Głównym bohaterem książki debiutującego Wojciecha Polańskiego jest nastolatek, którego imienia nie poznajemy. Chłopak przenosi się z Warszawy do elitarnego krakowskiego liceum, gdzie o wartości człowieka świadczą modne ciuchy i liczba followersów. Narkotyki, alkohol, przypadkowy seks to dla nich codzienność. Zagubieni, młodzi ludzie zrobią wszystko, by dopasować się do rówieśników.
"Wyświetleni" to lektura na jeden wieczór. Na początku miałam zamiar przyczepić się do sposobu narracji - bardzo nie lubię bezpośrednich zwrotów do czytelnika w stylu: "zastanawiasz się co zrobił w tej sytuacji nasz bohater?", jednak mniej więcej w połowie domyśliłam się czemu autor postanowił zastosować taką formę. Pomysł ciekawy, inny, oryginalny, ale bardzo przeszkadzał mi w czytaniu. Nie mogłam się przez to wczuć w fabułę. Mam wrażenie, że te problemy nastolatków zostały mocno spłycone, potraktowane bardzo skrótowo. Brakowało mi w tej historii głębi...

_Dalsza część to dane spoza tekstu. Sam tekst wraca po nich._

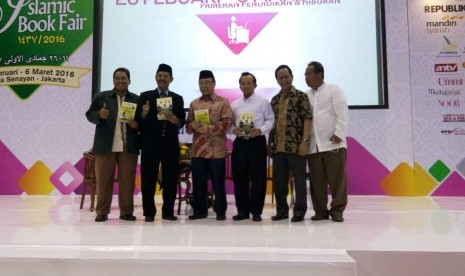 Empat orang ulama/dosen Islam yang juga penulis buku, Dr Hasan Basri Tanjung MA, Dr Sunandar Ibnu Nur MA, Prof Dr KH Didin Hafidhuddin, MS dan Dr Mukhlis Hanafi MA (dari kiri ke kanan) pada bedah buku yang digelar oleh Penerbit Almawardi Prima di ajang Islamic Book Fair (IBF) ke-15 tahun 2016 di Istora Senayan Jakarta, Selasa (1/3). Pameran buku Islam tersebut akan berlangsung hingga 6 Maret 2016.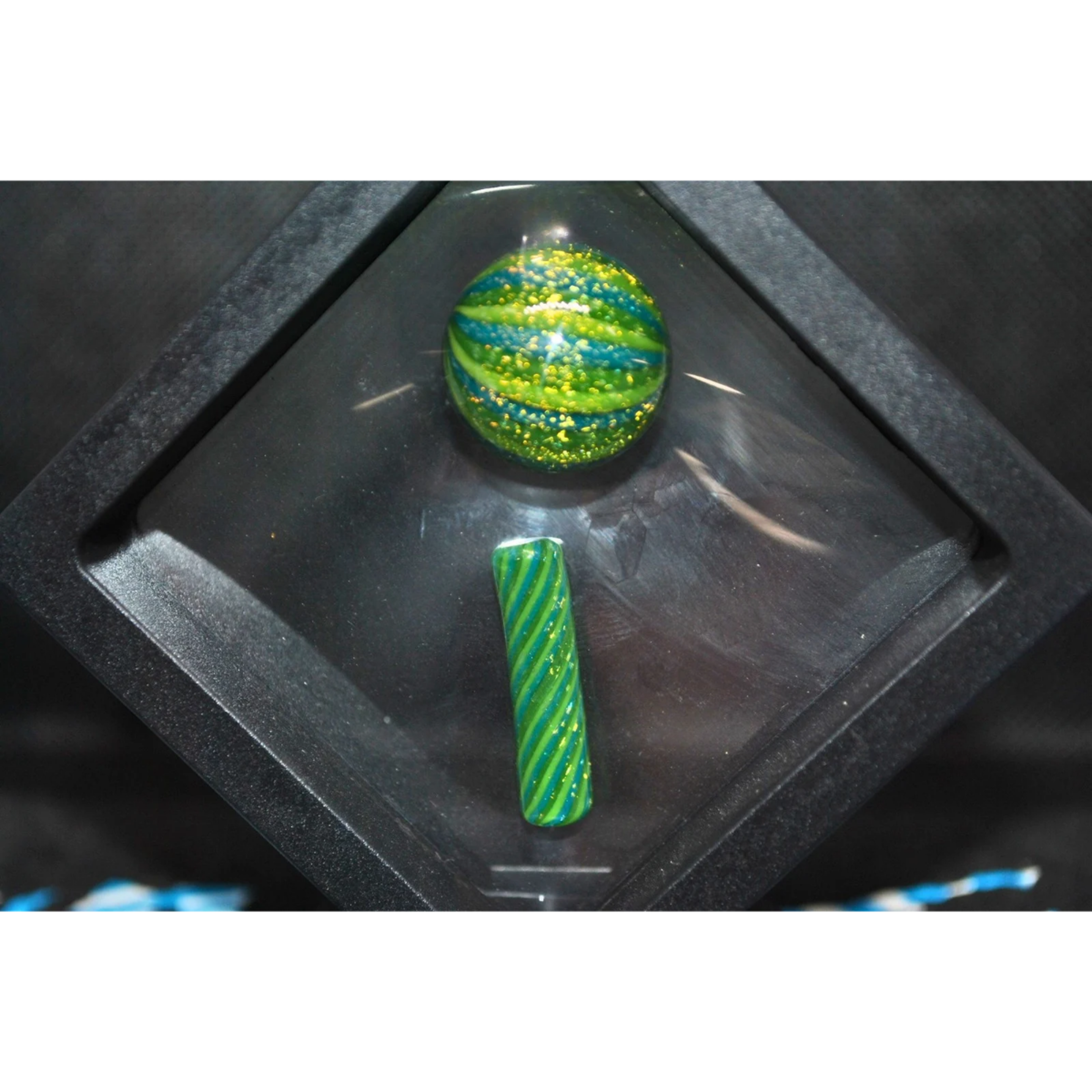 Preview pic of Green Swirl dichro marble and pillar set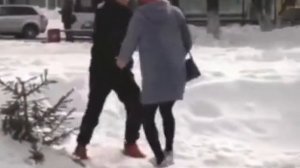 Иди как Ты на Х..... Дай яички по щекотать. /ПРАНК/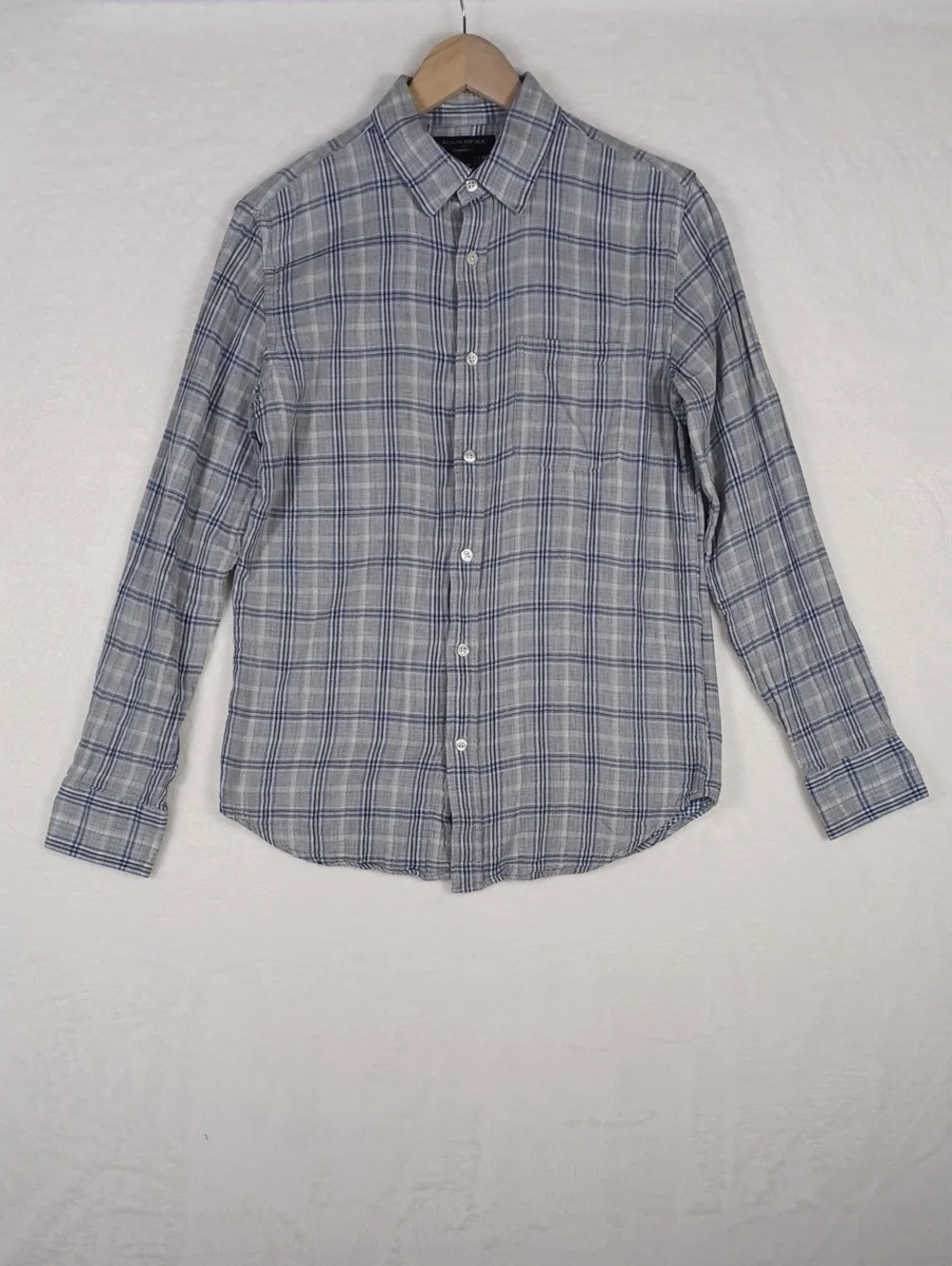 Banana Republic Blue and Gray Plaid LS Button-Down Mens Small Shirt, 100% cotton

Choć opis wydawcy, tytuł oraz okładka są interesujące i wskazują na książkę skupiającą się na tworzeniu zakłamanego wizerunku w Social Mediach, tak naprawdę tego wirtualnego świata tu nie ma. Internet jest tylko tłem, a liczyłam na bardziej rozwiniętą akcje w tym kierunku. Wykreowane przez autora postacie nie mają w sobie żadnych emocji, właściwie chyba tylko narrator ma jakiś charakter i głębsze przemyślenia, co do otaczającej go rzeczywistości, a to niekoniecznie mi odpowiadało.
Niestety, mam duży problem z oceną tej książki. Jest trochę chaotyczna, z mało realistycznymi dialogami, ale sam pomysł z opisaniem trudów życia dorastających ludzi i wpływu SM na młodzież, uważam za ważny aspekt. Potencjał tej historii był wielki, jednak samo wykonanie jakoś do mnie nie przemówiło. Zawsze staram się znaleźć plusy danej pozycji, by mimo moich uwag zainteresować nią innych, cóż... Myślę, że najlepiej przeczytać ją samemu i wyrobić swoje własne zdanie. Nie od dziś wiadomo, że są gusta i guściki.
Książka została otrzymana z Klubu Recenzenta serwisu nakanapie.pl.